La gravedad del pecado venial

Bossuet tiene un sermón –no me acuerdo si es a religiosas o es a la corte, porque la mayor parte de sus sermones son en esos ambientes– de cómo se puede llegar a cualquier pecado de los que parecen incluso más alejados del propio temperamento personal... Y va haciendo una historia: empieza por la codicia, la codicia me va llevando a la envidia... y acabo eliminando al que sea... si puedo, claro; y se puede llegar al asesinato... Darse cuenta que podemos llegar a cualquier cosa ¡Y esto tampoco nos lo creemos! Y lo que ya decía: que un pecado venial es una cosa muy grave. Después del pecado mortal no hay nada más grave que un pecado venial. Y que, por consiguiente, entre un pecado venial, que no hay por qué cometer, y, en fin, un terremoto, el terremoto no tiene importancia ninguna... Que han muerto siete mil personas, que se tenían que morir de todas formas... Dios les habrá dado la gracia para morir bien... Pero es que un pecado venial es mucho más grave que un terremoto; el que se muera una persona no tiene importancia ninguna y no es que lo diga yo, es que lo dice Nuestro Señor Jesucristo: “no temáis a los que matan el cuerpo y no pueden hacer más...” Es que eso no tiene importancia, no va a pasar nada, más que os maten... El Espíritu Santo, inspirando a los escritores sagrados habla así...
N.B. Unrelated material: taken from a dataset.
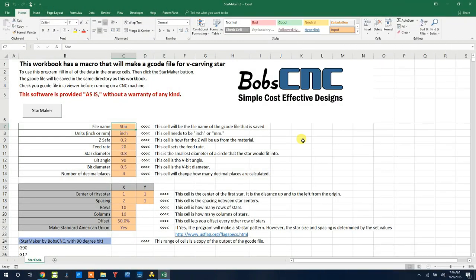Hello, I'm Bob from BobCNC, and I've written a macro in Microsoft Excel that will aid us in making a G-code file for V-carving stars for our CNC machines. This video tutorial will show you how to use this workbook. So let's go ahead and get started.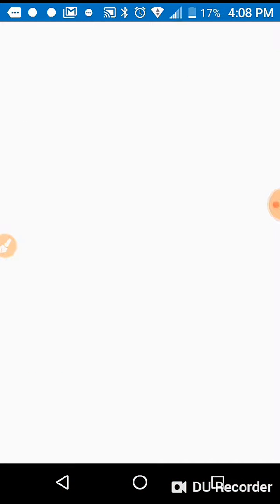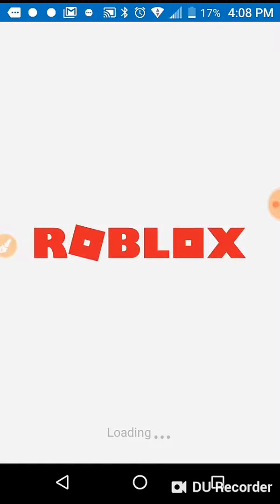What's up guys. Today we're gonna be playing some Roblox and I have no idea. We're gonna play.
Iba antes a decir una guerra, pero una guerra es distinto porque tiene muchísimos pecados mortales por necesidad, pero un terremoto... ¿Me creo de verdad esto? Es que el embotamiento nuestro... Como de hecho pecamos, y como de hecho vemos que la gente peca, terminamos por embotarnos. Una cosa es que tengamos que ser misericordiosos... Pero no sólo no está en contradicción, sino que depende una cosa de la otra: sólo puedo ser muy misericordioso cuando me parece mucha desgracia el pecado. Yo no puedo tener mucha misericordia... ¿para qué la voy a tener si no le pasa nada a nadie? ¿Cómo voy a tener misericordia de mí mismo si resulta que no me pasa nada...? No puedo compadecerme, es decir, dolerme, arrepentirme, tener contrición de mí mismo más que cuando me parezca muy grave lo que hago, porque me encuentro realmente muy mal.

El desorden espiritual

En tercer lugar, que somos pecadores se manifiesta por todos los desórdenes, lo que dice san Ignacio: desorden en las operaciones, y lo que dice san Juan de la cruz –y suelo expresarlo yo más así–: toda la multitud de apegos que tenemos, es decir, por la multitud de vicios; porque los apegos son siempre resultado de unos vicios; si no, estaríamos mucho más desprendidos. Una santa Teresa del Niño Jesús, una santa clásica inocente, tiene muy poquitos apegos, aunque fuera pecadora; no hay más que leer lo que cuenta ella misma: un poco de mimo y casi nada más después. Acabo de leer la vida de santa Bernardita, los apuntes que deja, es igual: tiene muy pocos apegos, simplemente que tiene la concupiscencia y que todavía no se ha desarrollado, pero no ha enquistado los que tiene, que es lo que hacen los vicios, los apegos, las tendencias desordenadas, y por tanto no se le han desordenado más. Pero es que los desórdenes nuestros son el fruto de nuestros vicios, que han funcionado por esos niveles: por esas formas temperamentales más propias. Y estamos llenos de ellos.